As a crucial link in the trans-Asian network and a viable alternative to road transport, Cambodia’s neglected railways are ready for renewal.

Johan Smits
August 1, 2009

As a crucial link in the trans-Asian network and a viable alternative to road transport, Cambodia’s neglected railways are ready for renewal.

By Johan Smits

Desperate to visit Europe but afraid of flying? In the future it may be possible to travel the journey by train from Phnom Penh. About 50 years ago Cambodia was a signatory to an intergovernmental agreement on the trans-Asian railway network.

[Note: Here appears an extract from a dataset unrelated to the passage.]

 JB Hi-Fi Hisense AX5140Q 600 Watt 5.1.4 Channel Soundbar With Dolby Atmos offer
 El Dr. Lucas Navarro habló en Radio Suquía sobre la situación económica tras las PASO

Its objective was a simple one: to build a 14,000km rail service from Singapore to Europe, linking about 28 countries and offering efficient rail transport services within the region as well as between Asia and Europe.

Phnom Penh's Royal railway station (Ryan Plummer)
Photo by Ryan Plummer.
Phnom Penh’s Royal railway station

 

Given the sorry state of the Cambodian railroad infrastructure, though, it seemed unlikely that the kingdom would hook up to the network.

Nevertheless, a day after the agreement came into force in June this year, the Cambodian government signed a deal with a joint venture company led by the Toll Group, an Australian logistics firm, to operate the country’s railway. A minority partner in the venture is the Royal Group controlled by Kith Meng, a high-profile Cambodian businessman. The deal gives the group a 30-year concession with exclusive rights to develop and operate the Cambodian railway system.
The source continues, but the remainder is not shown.